なぜ、夫の定年後に夫婦関係は危機に陥るのか。朝日新聞取材班は「長年、夫が不在だった家庭では、妻の生活のペースができてしまっている」という――。

※本稿は、朝日新聞取材班『ルポ 熟年離婚 「人生100年時代」の正念場』(朝日新書)の一部を再編集したものです。

退職後「週3日は外へ」はきつい

「昼ご飯、作りたくない」

滋賀県に住む70代の男性は、妻の言葉に驚いた。

60歳で定年を迎えた後、雇用延長で66歳まで働き、退職してから間もないころだった。

専業主婦の妻は、自身の昼ご飯を前夜の残り物やパンで済ませることが多かった。3食分を作るのは、めんどくさいのだろう。「しょうがない」。そう思った。

妻は、続けて言った。「週に3日は外に出てほしい」

こちらは「きつい話だ」と思った。

でも、けんかをしても仕方がない。できるだけ外に出るようにした。

コンビニで昼食用のおにぎりを2個買い、電車で京都へ。京都御苑や植物園、寺や公園のベンチで昼食をとった。電車賃がかかるから、昼食代は節約せざるを得なかった。

現役時代は昼ご飯を一人で食べることがよくあった。寂しさは感じなかった。

でも同世代の高齢者が孫を連れて一緒に食事をする姿を見ると、うらやましく思うこともあった。孫は二人いるものの、いま食べている自分は一人だ。思い描いた「退職後」とは違った。

一駅分の電車賃でつぶす3時間

「週3日のノルマ」はきつかった。

地域活動や仕事を探しても、趣味に合わなかったり、場所が遠かったり。活動回数が少ないものもあった。

最低週1回は活動しないと予定は埋まらない。次第に探す気持ちさえ起きなくなった。

そのうち、お金をあまりかけず、外で時間をつぶすことができる方法を見つけた。

最寄りのJRの駅から電車に乗り、琵琶湖を一周ぐるりと回って、最寄りの手前の駅で降りる。鉄道ファンに親しまれる「大回り」という乗り方だ。

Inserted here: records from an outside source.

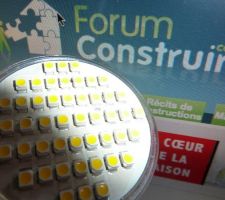 Ampoule GU10 à 48 led SMD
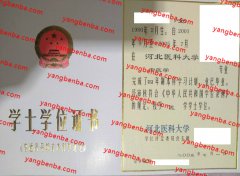 河北医科大学学士学位证书样本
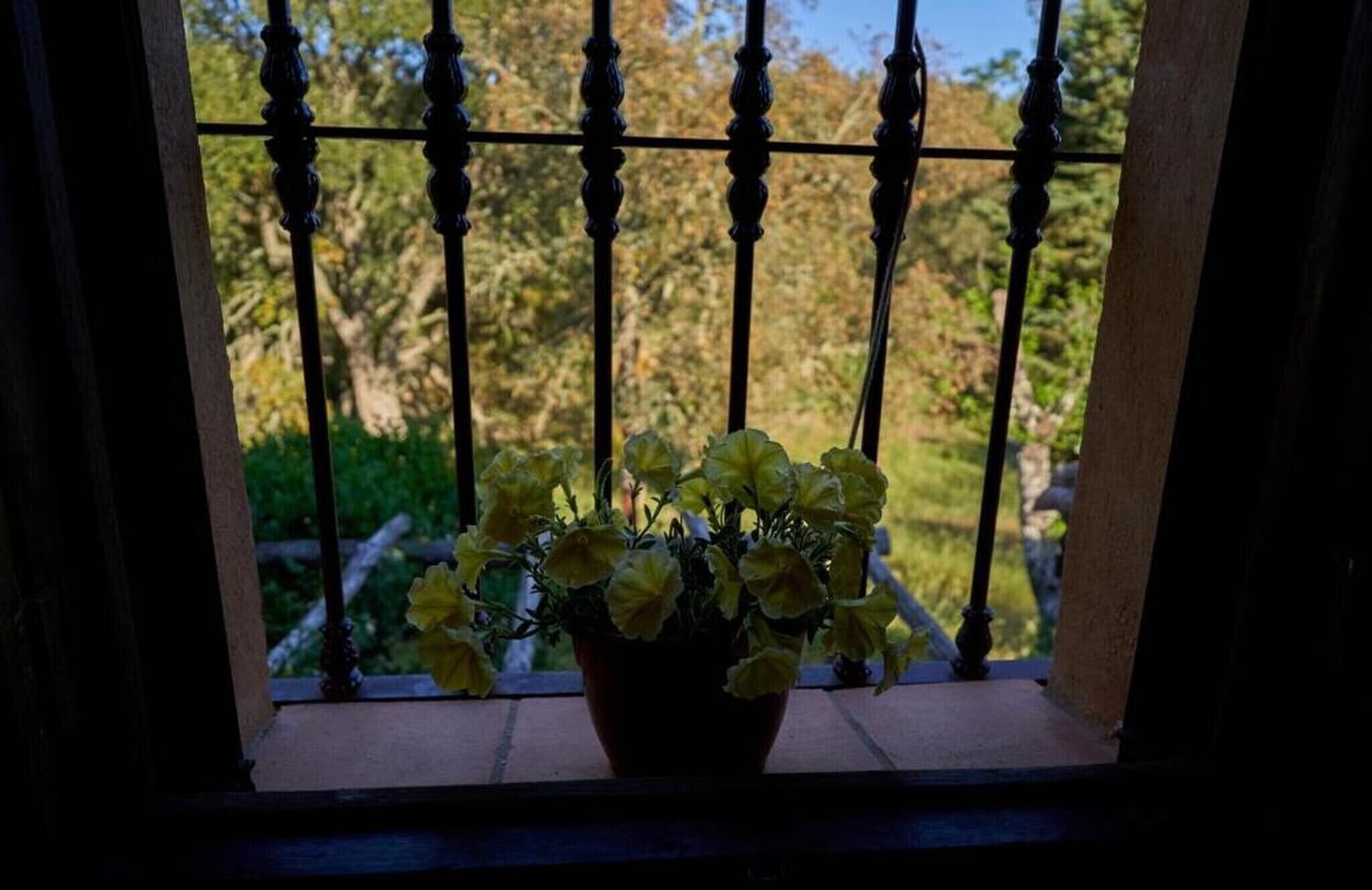 Una ventana con barandilla metálica y una maceta con flores amarillas.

おにぎりとお茶、小説などを持参し、3時間以上かけて回った。料金は一駅分だけ。「何をして過ごせばいいか、分からなかった。電車はちょうどいい書斎だった」

福井県出身。大阪の大学を卒業後、京都の機械メーカーに勤めた。20代で結婚し、娘が二人いる。長い会社員生活で、いま暮らす街をよく知らないままだった。